![](https://biome.co.jp/wp/wp-content/uploads/2022/01/Aye-aye_Daubentonia_madagascariensis_4.jpeg)
前回は、サルっぽくないアイアイの形態を中心にお話しましたが、今回は、アイアイの生態を中心にお話しします。
アイアイの生活場所
アイアイは、熱帯雨林や乾燥林、マングローブ林、二次林など様々な環境の森林に生息します。夜行性であり、一晩に樹上を800m〜数km移動すると報告されています。昼間は巣の中で休みます。
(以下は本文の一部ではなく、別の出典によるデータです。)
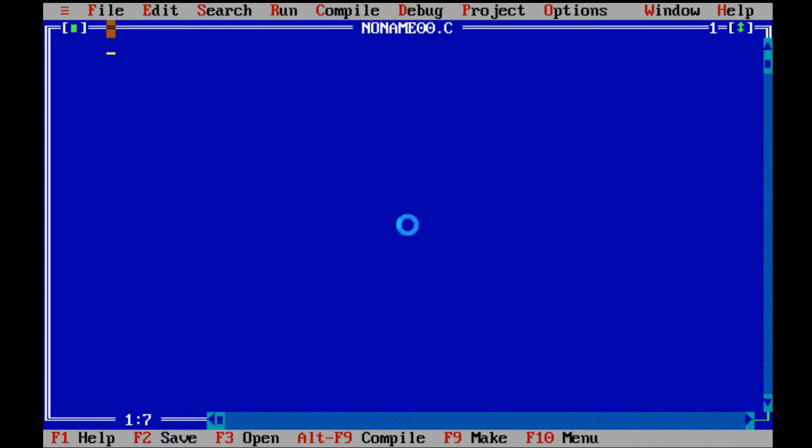This is a program related to string copy. Firstly we include two files stdio.h and conio.h.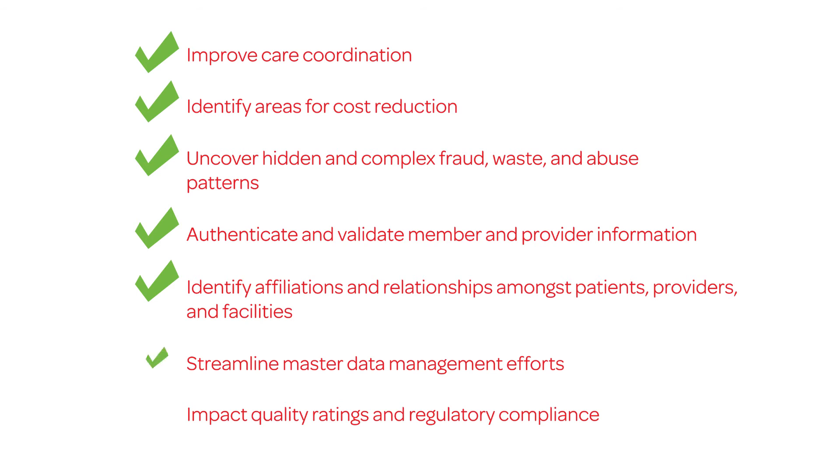Streamline master data management efforts, impact quality ratings and regulatory compliance, and of course, so much more.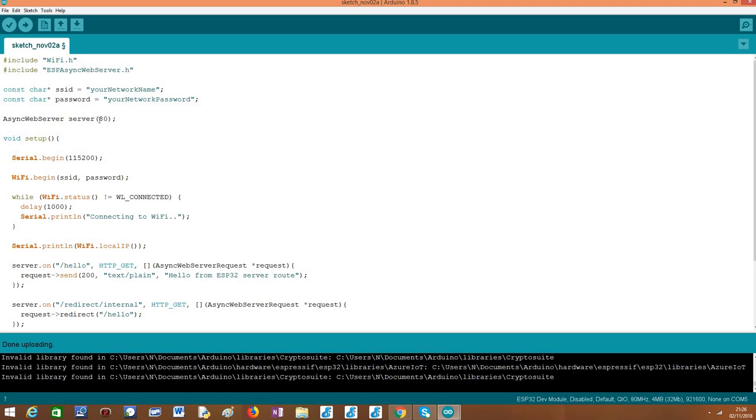As already covered, as input, the constructor of this class receives the port where the server will be listening. We are going to use the default HTTP port, which is the 80 port.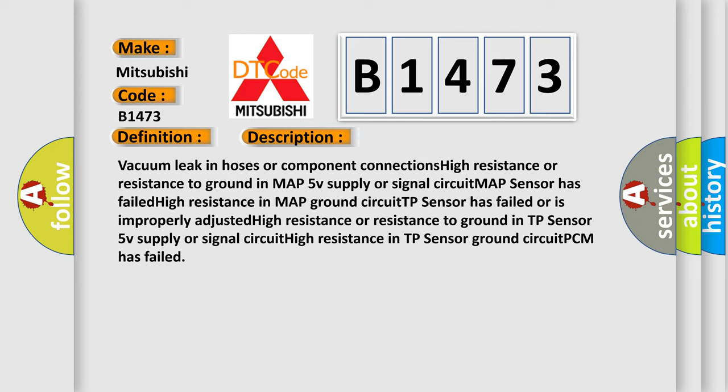High resistance in MAP ground circuit. TP sensor has failed or is improperly adjusted. High resistance or resistance to ground in TP sensor 5V supply or signal circuit. High resistance in TP sensor ground circuit. PCM has failed.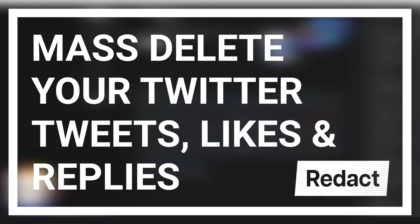So you're thinking of mass deleting your tweets, right? You have a lot of tweets on your Twitter and you don't want to delete them individually. So what are you going to do?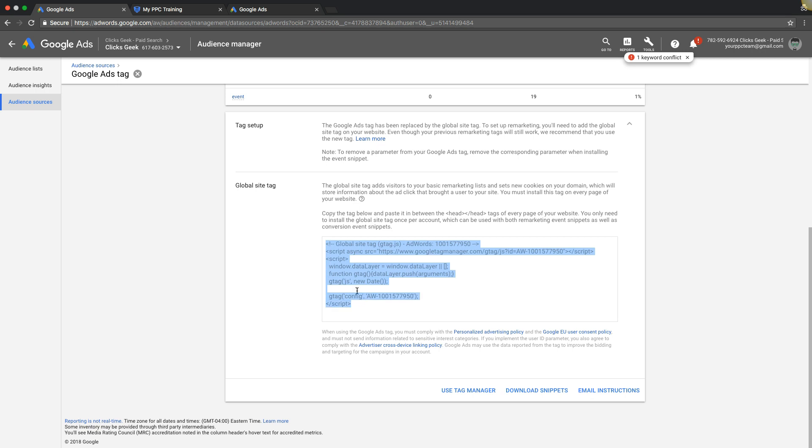Usually if they have an AdWords account and they're running conversion tracking, they're gonna have a global site tag on every page of the website already, so if you already have that you're good. If you don't have the global site tag on every page of your website, including the thank you pages, right now, then you have to come in here and take this tag and paste it between the head tags on every page of your website. This is what's gonna make the whole thing come together and start building your remarketing lists.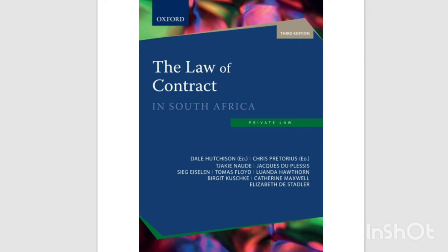In terms of Section 45(4) of the CPA, a notice must be given in advance that a sale by auction is subject to a reserve, upset price, or a right to bid by or on behalf of the owner or auctioneer. If a notice that the owner or auctioneer has the right to bid has not been given, he or she may not bid or employ any other person to bid at the auction. If this section is contravened, a consumer may approach a court to declare the transaction fraudulent. Furthermore, in terms of Section 51(1)(a)(iii) and Section 51(3), any transaction that subjects a consumer to fraudulent conduct is void.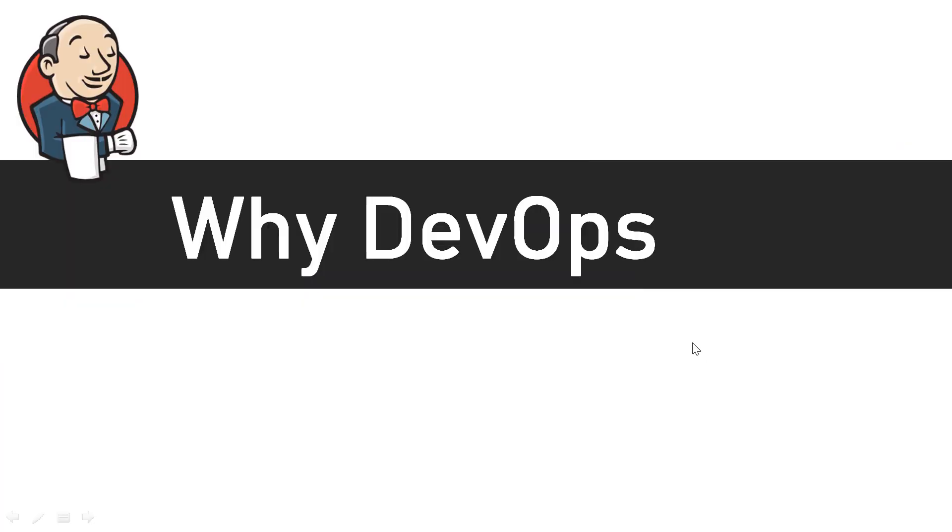Hello and welcome. In this video, I'm going to talk about why DevOps is so popular these days, why there's so much hype, and why everyone is talking about continuous integration, continuous delivery, and DevOps.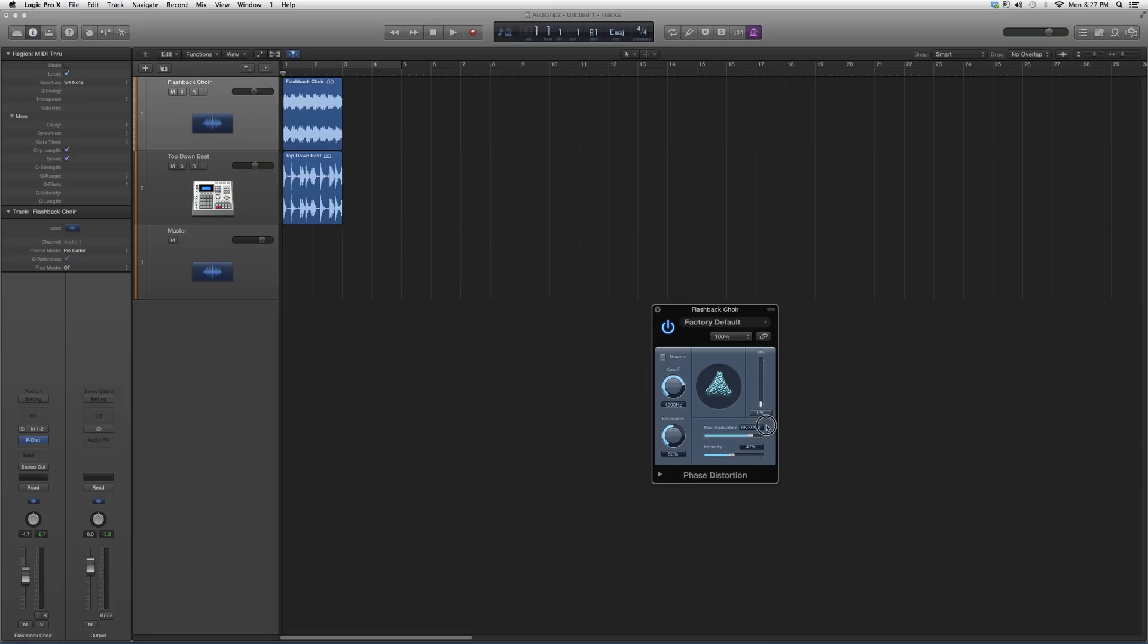You can have zero mix, zero phase distortion, or you can have 35% phase distortion, or 61% phase distortion. Max modulation basically changes the sound of the distortion you're having.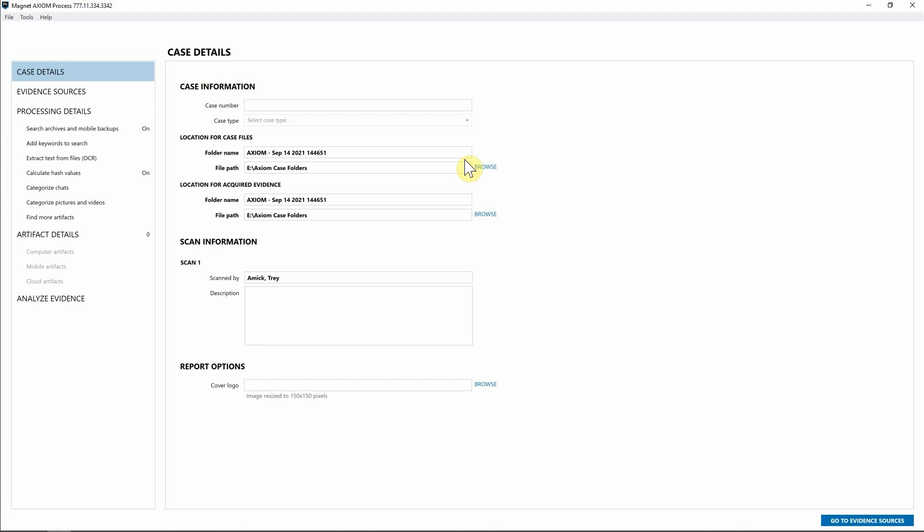Hey everyone, Trey Mac here from Magnet Forensics, and today I'm excited to show off the new Endpoint Status Dashboard found within Axiom Cyber 5.5.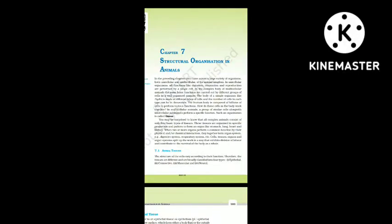Chapter 7: Structural Organization in Animals. In the preceding chapters you came across a large variety of organisms, both unicellular and multicellular, of the animal kingdom. In unicellular organisms, all functions like digestion, respiration and reproduction are performed by a single cell.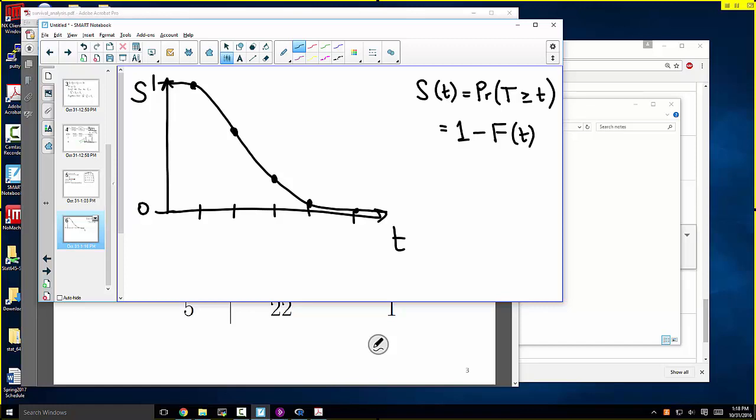We're also going to talk about a summary measure called a hazard — a totally new concept. In logistic regression you have to talk in terms of odds and odds ratios because there are mathematically convenient ways to do regression with 0-1 data using odds. It's a similar issue here: there are nice techniques available for survival data if we talk not about mean survival time but about hazard. Regression coefficients will be differences in hazards, and we'll talk about hazard ratios — just like in logistic regression we talk about odds ratios.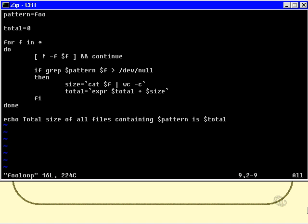So I enclose all of that in backwards quotes and assign that to a variable called size. And then next it's a very simple matter to use expr to add that size to the existing total and put the result back into total. So we're doing quite a few things here. We're using a for loop, a continue statement, expr, and we're using some other general clever techniques like redirecting grep output to dev null, using wc minus c to obtain the size of a file, and so on.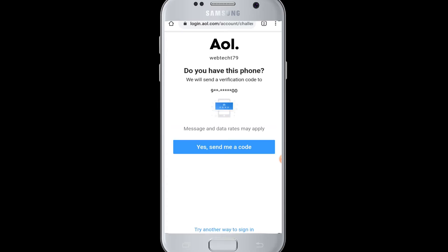AOL will send you a verification code to your phone number or your email address. If you have the phone number that you entered while signing up for AOL mail, you can tap 'Yes, send me a code' and you will receive a verification code on your number. Otherwise, you can try another way to sign in at the bottom and switch to email address to receive the code there instead.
巣は、直径1cmから2cmほどの枝を切り取って集め、直径50cmほどのボール状にしたものです。巣の中には木の葉が敷き詰められます。巣の高さは乾燥林では10m以下にもありますが、川辺林では地上から25m以上の高さのところに作られます。
アイアイの主食は?
![Ksukol ocasatý (Daubentonia madagascariensis)](https://biome.co.jp/wp/wp-content/uploads/2022/01/Aye-aye_Daubentonia_madagascariensis.jpeg)
アイアイ Tom Junek, CC BY-SA 3.0, via Wikimedia Commons
アイアイは、夜行性であり、かつ樹上の高い位置で生活するため観察が非常に難しく、野生下で何をどれくらい食べているかを明らかにするのが非常に難しいようです。しかし、幼虫や種子の胚乳の部分、花の蜜、ハチミツなど、高カロリーで消化の良いものを好んで食べるという傾向はあるようです。
伸び続ける門歯(前歯)
前歯が伸び続けるのは、リスやネズミが属する齧歯目の特徴で、霊長類の中ではこのアイアイだけです。歯並びも齧歯目に似た並び方をしており、そのためにアイアイは過去にはリスの仲間に分類されていました。アイアイには、硬い幹の中にある空洞を歯でこじ開けて幼虫を探したり、硬い殻に包まれた種子をかじって食べる習性があります。
![Gnawed_limb,_Daubentonia_madagascariensis](https://biome.co.jp/wp/wp-content/uploads/2022/01/Gnawed_limb_Daubentonia_madagascariensis-1024x665.jpeg)
アイアイの囓り跡 Photo by Dr. Mirko Junge, CC BY-SA 3.0, via Wikimedia Commons
このような習性を持つために、霊長類の中では例外的に、リスやネズミのように伸び続ける門歯を発達させたと考えられます。
中指は幹の中の幼虫を食べるため?
![Canarium_resinieferum](https://biome.co.jp/wp/wp-content/uploads/2022/01/Canarium_resinieferum-1024x768.jpeg)
カンラン属の一種の実 Photo by Nandini Velho, CC BY-SA 3.0, via Wikimedia Commons
アイアイの主食は幼虫であり、中指は幹の中の昆虫の幼虫を取るのに役に立っていると考える研究者がいる一方、ラミーと呼ばれるカンラン科の果実が主食ではないかと考えている研究者もいます。ラミーの実も殻が硬いため、アイアイは歯で殻に穴を開け、中指を使って中身をすくい取ります。特殊な中指が何を食べるために発達したのか、研究者の中でも意見が分かれているようです。